Information provided:
:::
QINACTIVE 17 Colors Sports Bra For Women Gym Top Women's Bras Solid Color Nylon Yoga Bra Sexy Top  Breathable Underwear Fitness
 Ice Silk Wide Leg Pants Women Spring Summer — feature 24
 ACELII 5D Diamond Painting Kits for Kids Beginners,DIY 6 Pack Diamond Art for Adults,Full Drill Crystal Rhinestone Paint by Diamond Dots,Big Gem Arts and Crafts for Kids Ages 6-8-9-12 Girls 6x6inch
:::
What is required:
The whole listing above needs to be transcribed exactly.

Answer space:
QINACTIVE 17 Colors Sports Bra For Women Gym Top Women's Bras Solid Color Nylon Yoga Bra Sexy Top  Breathable Underwear Fitness
 Ice Silk Wide Leg Pants Women Spring Summer — feature 24
 ACELII 5D Diamond Painting Kits for Kids Beginners,DIY 6 Pack Diamond Art for Adults,Full Drill Crystal Rhinestone Paint by Diamond Dots,Big Gem Arts and Crafts for Kids Ages 6-8-9-12 Girls 6x6inch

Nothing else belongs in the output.